▶ **DATA EXTRACT**:
=-=-=
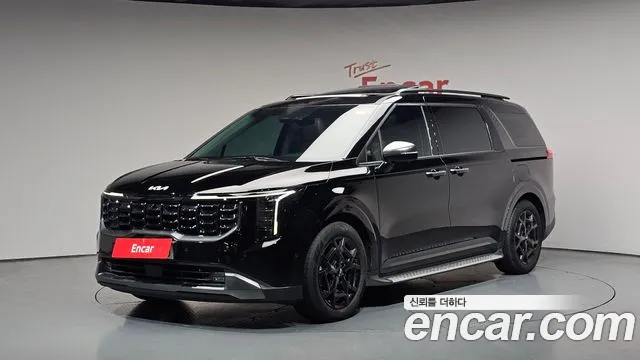 Kia The New Carnival 4 9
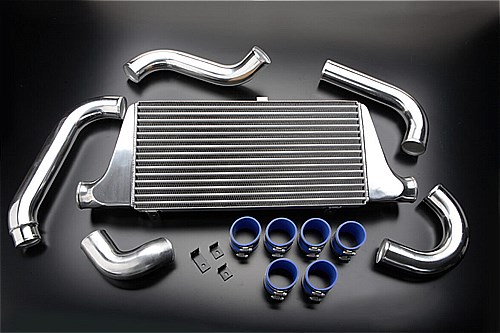 トラスト/TRUST インタークーラーキット GReddy トヨタ GRヤリス GXPA16 G16E-GTS 2020年09月〜 タイプ42F コアASSY単体 12010216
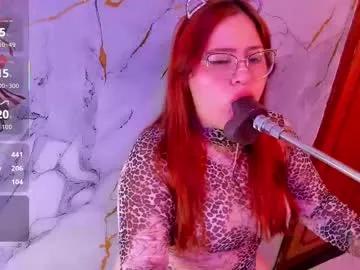alana_glasses on Chaturbate 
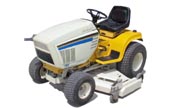 Cub Cadet 2182 lawn tractor photo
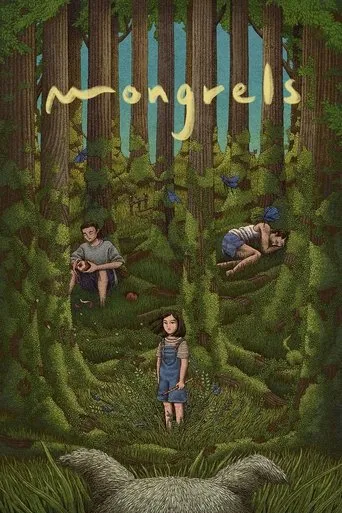 Mongrels movie poster - Rated 6.9/10
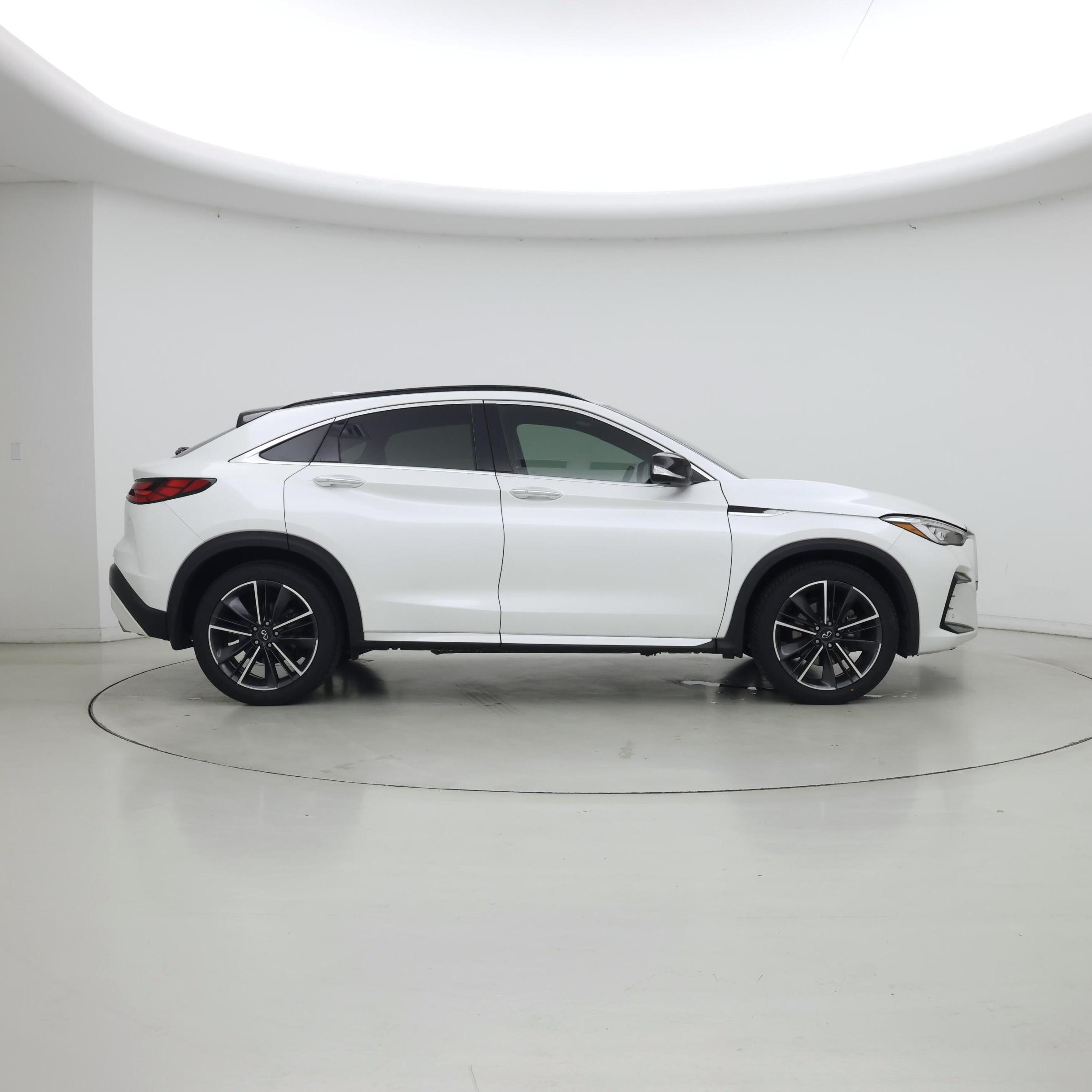Thumbnail: 2023 INFINITI QX55 - 7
=-=-=
As you output the material, omit the pictures but alter nothing else.

▶ **TASK ANSWER**:
 Kia The New Carnival 4 9
 トラスト/TRUST インタークーラーキット GReddy トヨタ GRヤリス GXPA16 G16E-GTS 2020年09月〜 タイプ42F コアASSY単体 12010216
alana_glasses on Chaturbate 
 Cub Cadet 2182 lawn tractor photo
 Mongrels movie poster - Rated 6.9/10
Thumbnail: 2023 INFINITI QX55 - 7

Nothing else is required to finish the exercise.